YOUR OBJECTIVE: Transcription, pictures excluded: write out the data below exactly.

DATA BLOCK:
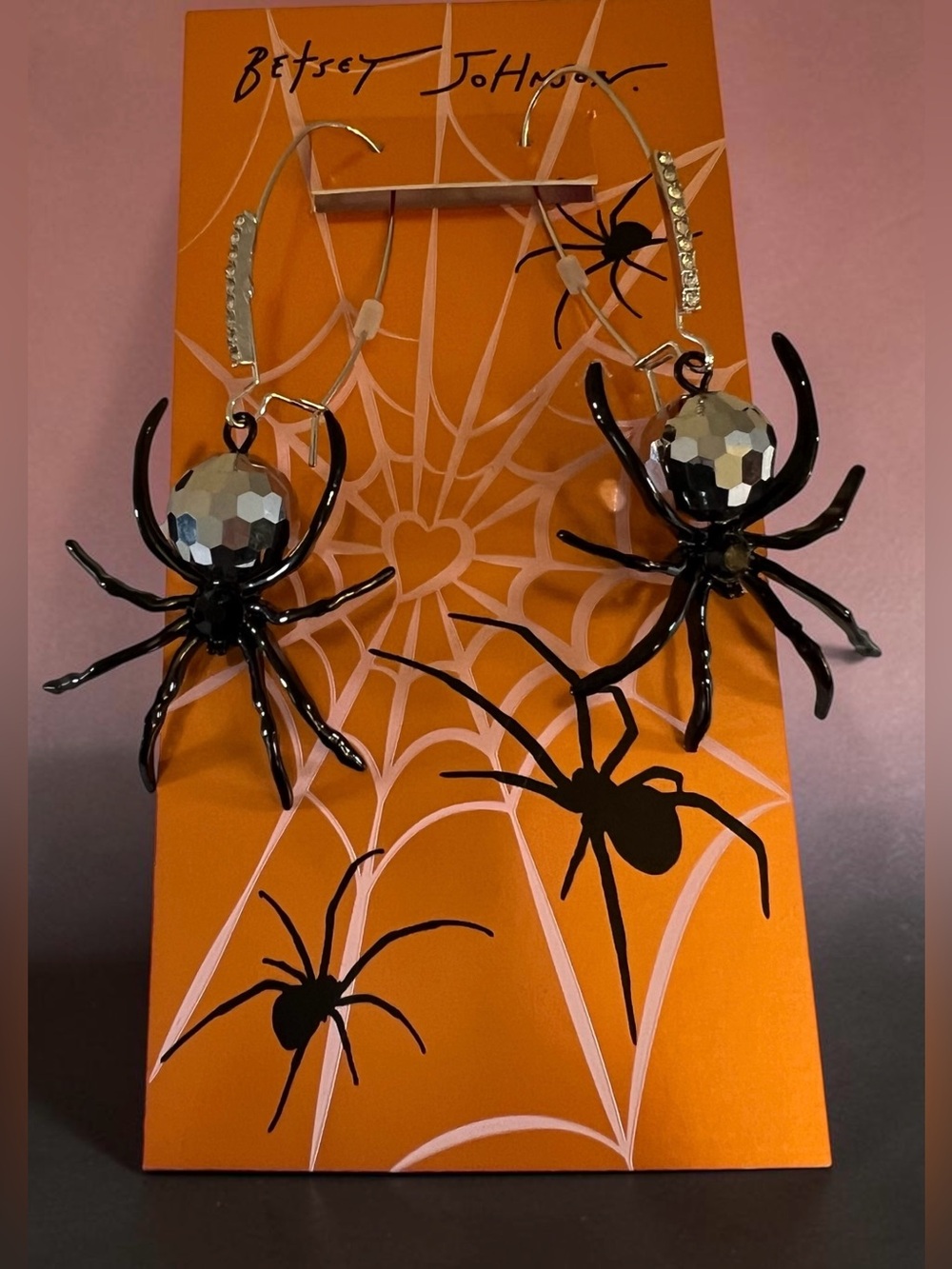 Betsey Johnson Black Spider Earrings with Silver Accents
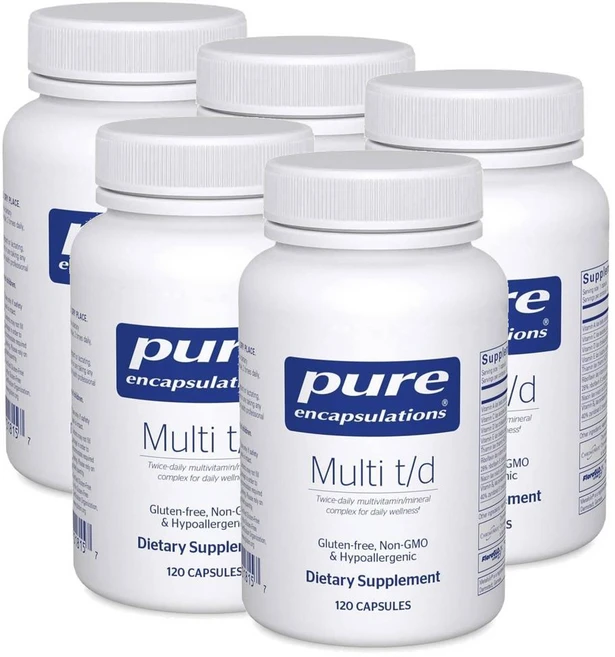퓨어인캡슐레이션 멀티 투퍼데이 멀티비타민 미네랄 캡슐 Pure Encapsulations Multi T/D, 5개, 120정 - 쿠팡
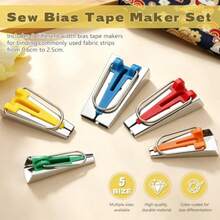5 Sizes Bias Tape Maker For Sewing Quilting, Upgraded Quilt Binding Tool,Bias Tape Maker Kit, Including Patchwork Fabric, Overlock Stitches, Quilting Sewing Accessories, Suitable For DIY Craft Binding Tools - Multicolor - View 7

COMPLETED EXERCISE:
 Betsey Johnson Black Spider Earrings with Silver Accents
퓨어인캡슐레이션 멀티 투퍼데이 멀티비타민 미네랄 캡슐 Pure Encapsulations Multi T/D, 5개, 120정 - 쿠팡
5 Sizes Bias Tape Maker For Sewing Quilting, Upgraded Quilt Binding Tool,Bias Tape Maker Kit, Including Patchwork Fabric, Overlock Stitches, Quilting Sewing Accessories, Suitable For DIY Craft Binding Tools - Multicolor - View 7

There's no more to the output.